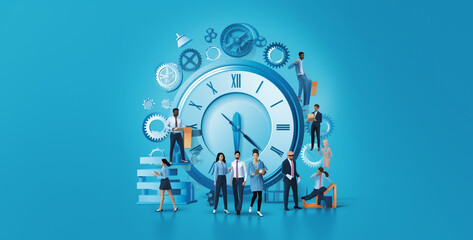 time is money concept, The image features a vibrant light blue background
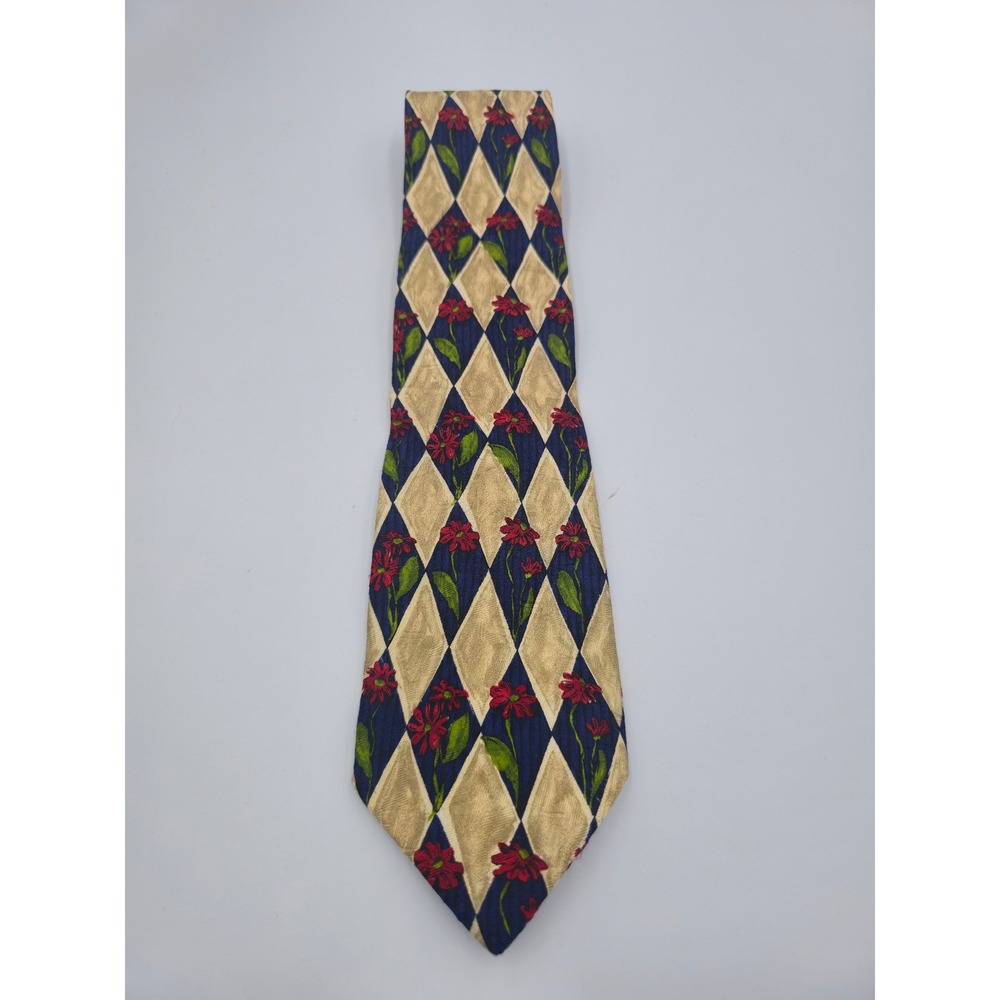 Ermenegildo Zegna Silk Tie Navy Gold Harlequin Diamond Red Floral Italy Mens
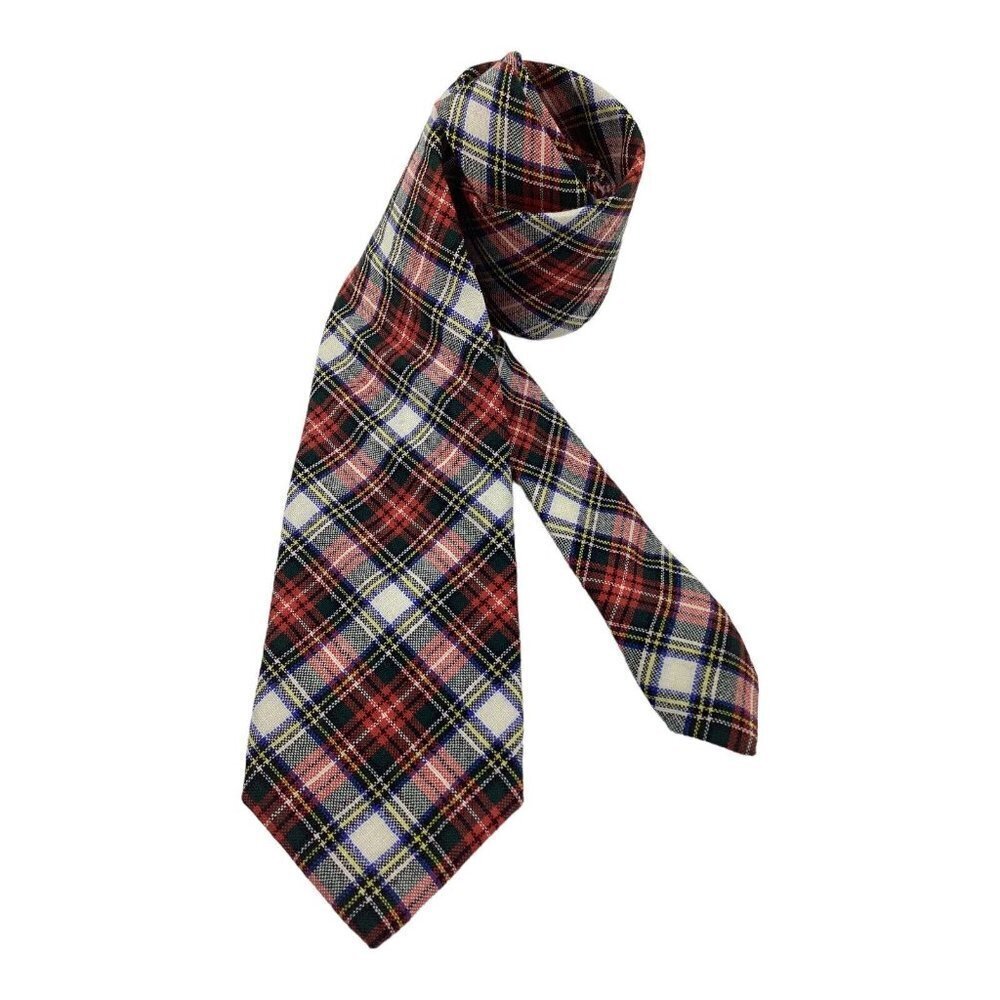CHARLES TYRWHITT Red Plaids & Cheks Luxury Wool Tie England W: 3.5" EX COND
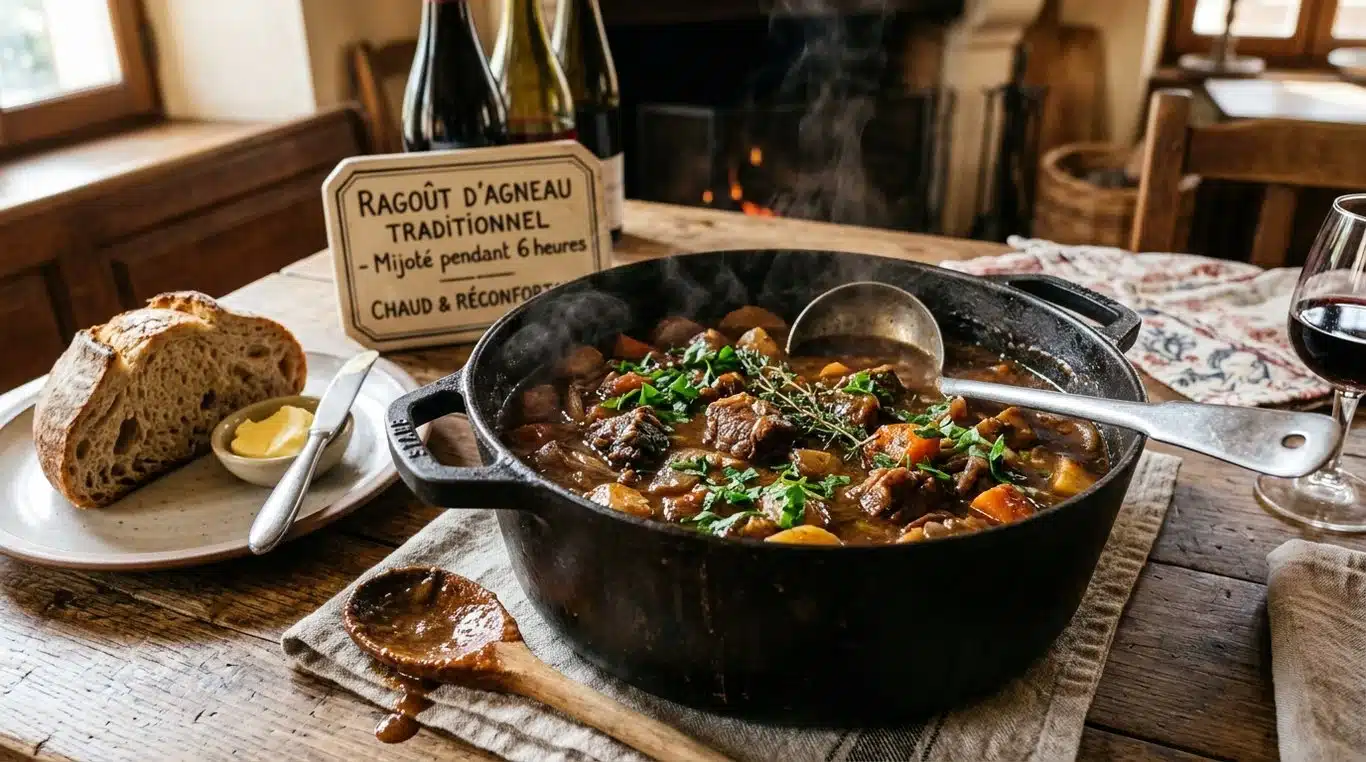 Ragoût de mouton traditionnel dans une cocotte en fonte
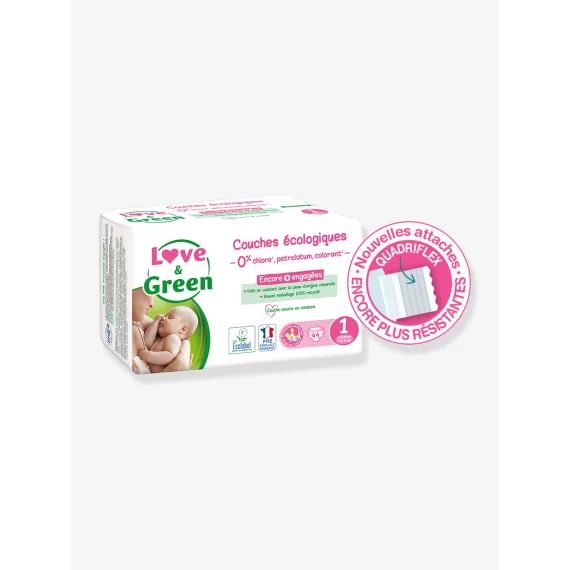Couches hypoallergéniques T1 x 44 LOVE&GREEN blanc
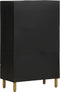 vidaXL - Hoge - kast - 60x33x100 - cm - bewerkt - hout - zwart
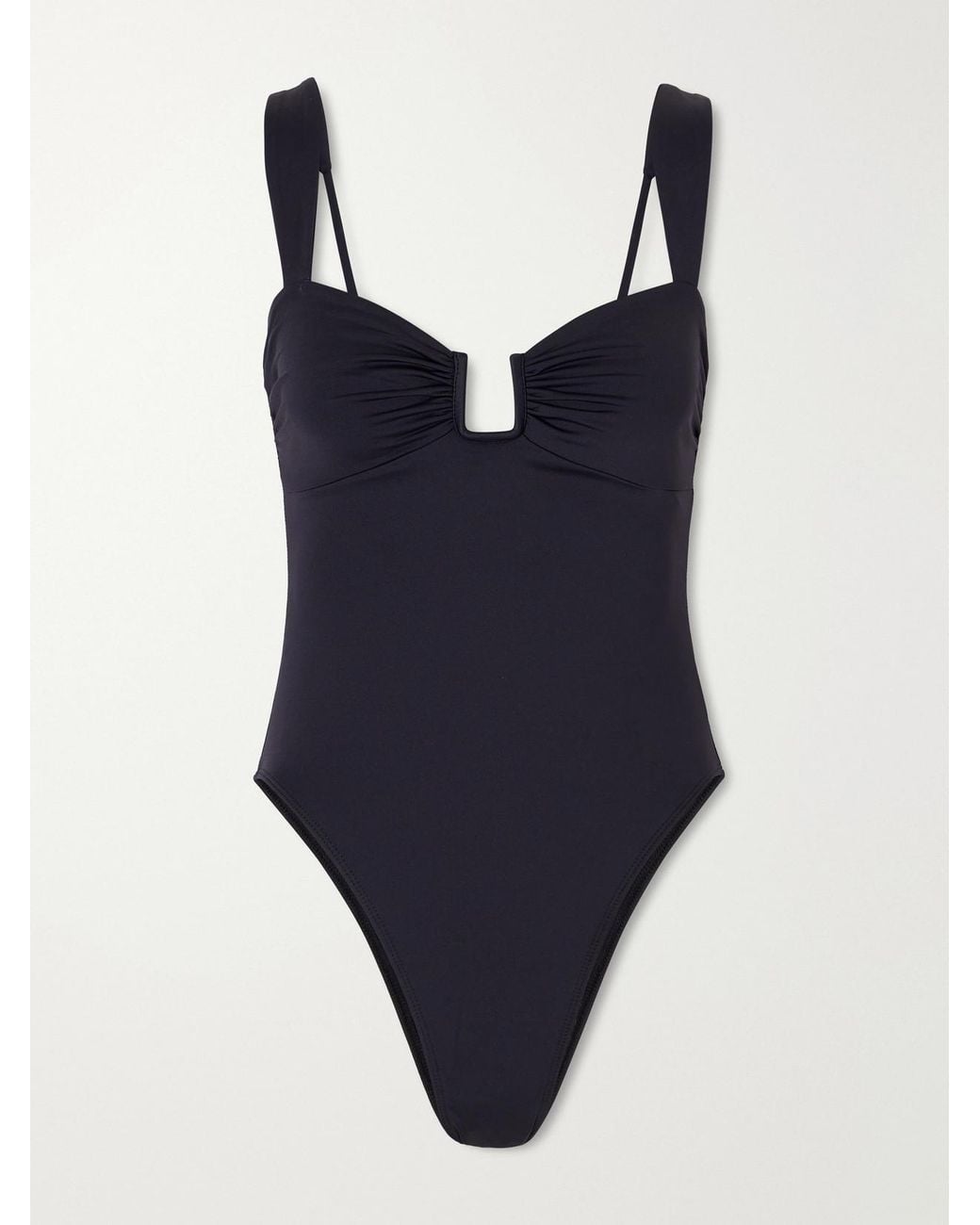 Away That Day Blue Cannes Embellished Gathered Swimsuit
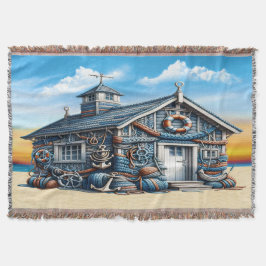 Beach Hut Throw Blanket Filt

━━━━

- [AIM OF THE TASK]:
When you copy the data, keep every line exact and drop the pictures.

- [TASK ANSWER]:
 time is money concept, The image features a vibrant light blue background
 Ermenegildo Zegna Silk Tie Navy Gold Harlequin Diamond Red Floral Italy Mens
CHARLES TYRWHITT Red Plaids & Cheks Luxury Wool Tie England W: 3.5" EX COND
 Ragoût de mouton traditionnel dans une cocotte en fonte
Couches hypoallergéniques T1 x 44 LOVE&GREEN blanc
 vidaXL - Hoge - kast - 60x33x100 - cm - bewerkt - hout - zwart
 Away That Day Blue Cannes Embellished Gathered Swimsuit
 Beach Hut Throw Blanket Filt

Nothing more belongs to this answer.